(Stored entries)
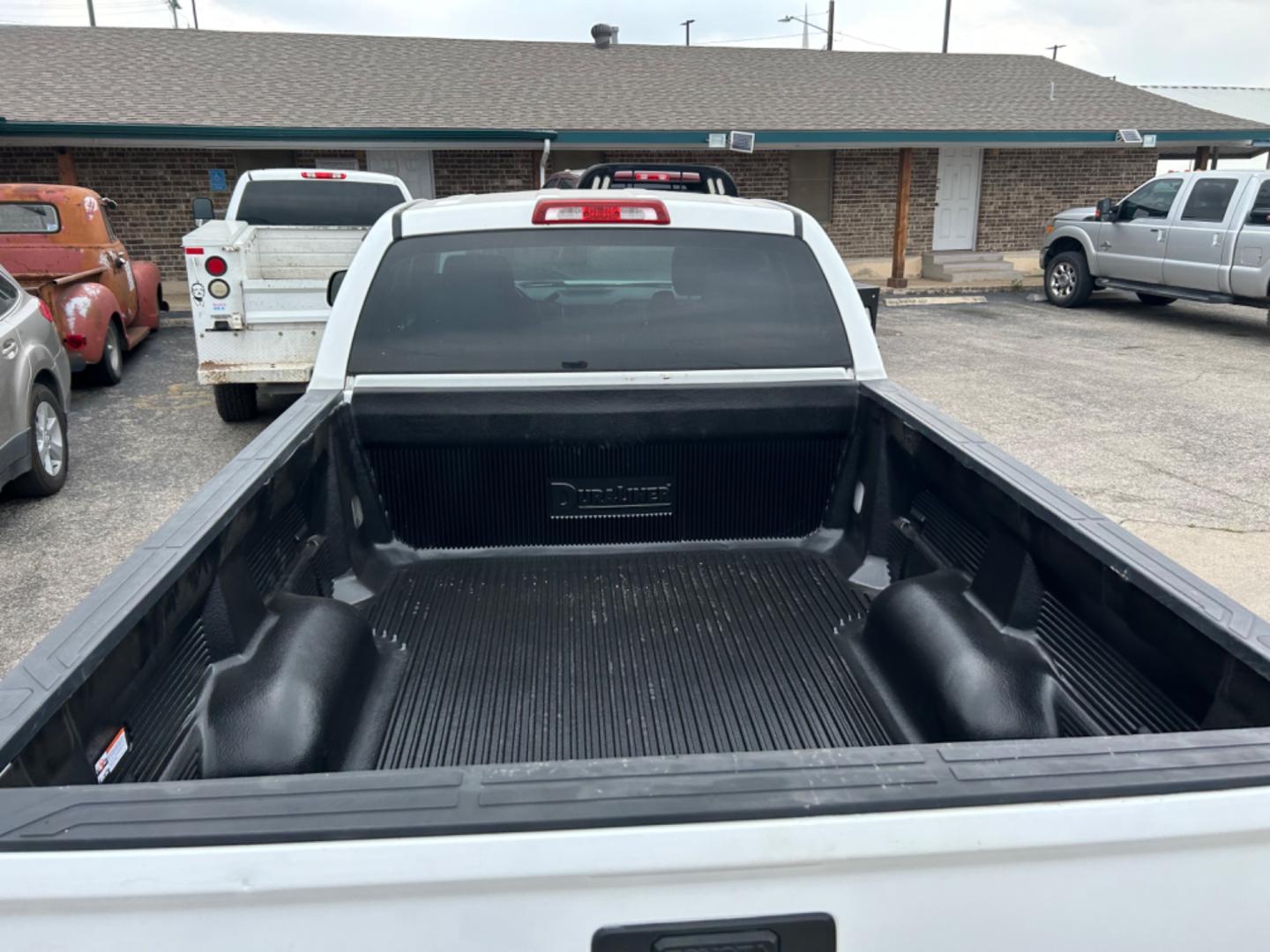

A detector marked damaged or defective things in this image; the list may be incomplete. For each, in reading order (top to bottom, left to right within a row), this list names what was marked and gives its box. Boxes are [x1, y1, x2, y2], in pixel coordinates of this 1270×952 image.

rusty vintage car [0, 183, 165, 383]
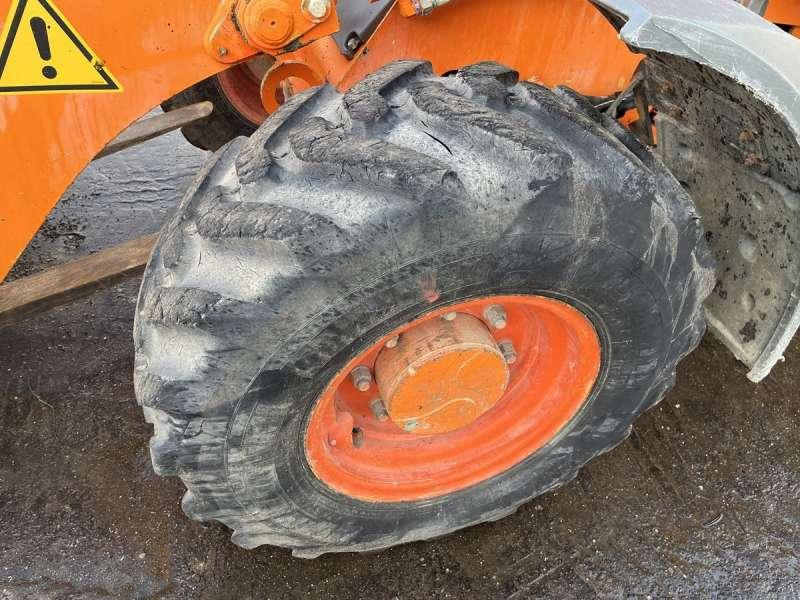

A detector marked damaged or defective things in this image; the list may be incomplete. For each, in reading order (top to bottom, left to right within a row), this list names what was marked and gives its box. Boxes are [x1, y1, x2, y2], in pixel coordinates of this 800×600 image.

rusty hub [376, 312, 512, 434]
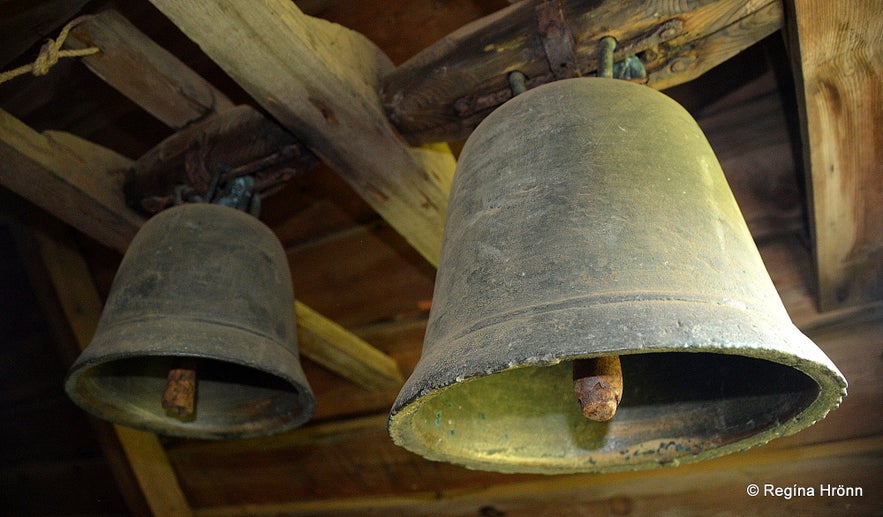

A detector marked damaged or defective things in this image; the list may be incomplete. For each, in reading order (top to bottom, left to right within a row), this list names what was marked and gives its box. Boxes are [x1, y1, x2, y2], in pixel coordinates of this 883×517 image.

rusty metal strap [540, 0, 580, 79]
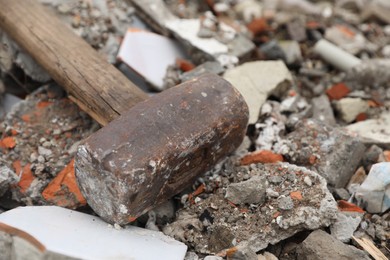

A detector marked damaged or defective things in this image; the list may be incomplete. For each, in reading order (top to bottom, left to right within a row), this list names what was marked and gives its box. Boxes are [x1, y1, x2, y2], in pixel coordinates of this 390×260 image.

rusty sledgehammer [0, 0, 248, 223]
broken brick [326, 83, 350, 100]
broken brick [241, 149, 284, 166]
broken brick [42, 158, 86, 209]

_DIRECTIONS FOR THIS TASK_
Your reply should restate every entry exactly, with the pictures left out.

_TASK ANSWER_
A detector marked damaged or defective things in this image; the list may be incomplete. For each, in reading order (top to bottom, left to right within a row), this list names what was marked and gives its box. Boxes are [x1, y1, x2, y2], in pixel coordinates of this 1270×952 image.

rusty vintage car [0, 183, 165, 383]

A detector marked damaged or defective things in this image; the list may be incomplete. For each, in reading order (top to bottom, left to right within a row), this list names what was marked and gives its box. Boxes are [x1, y1, x2, y2], in pixel coordinates of this 800×600 image.

rusty hub [376, 312, 512, 434]

A detector marked damaged or defective things in this image; the list may be incomplete. For each, in reading order (top to bottom, left to right within a row), this list names what was marked and gives its box. Boxes are [x1, y1, x2, y2], in pixel coordinates of this 883×517 image.

rusty metal strap [540, 0, 580, 79]

A detector marked damaged or defective things in this image; the list may be incomplete. For each, in reading order (top to bottom, left to right within a row), this list names what was marked and gives its box. Boxes are [x1, y1, x2, y2], in pixel coordinates of this 390×260 image.

rusty sledgehammer [0, 0, 248, 223]
broken brick [326, 83, 350, 100]
broken brick [241, 149, 284, 166]
broken brick [42, 158, 86, 209]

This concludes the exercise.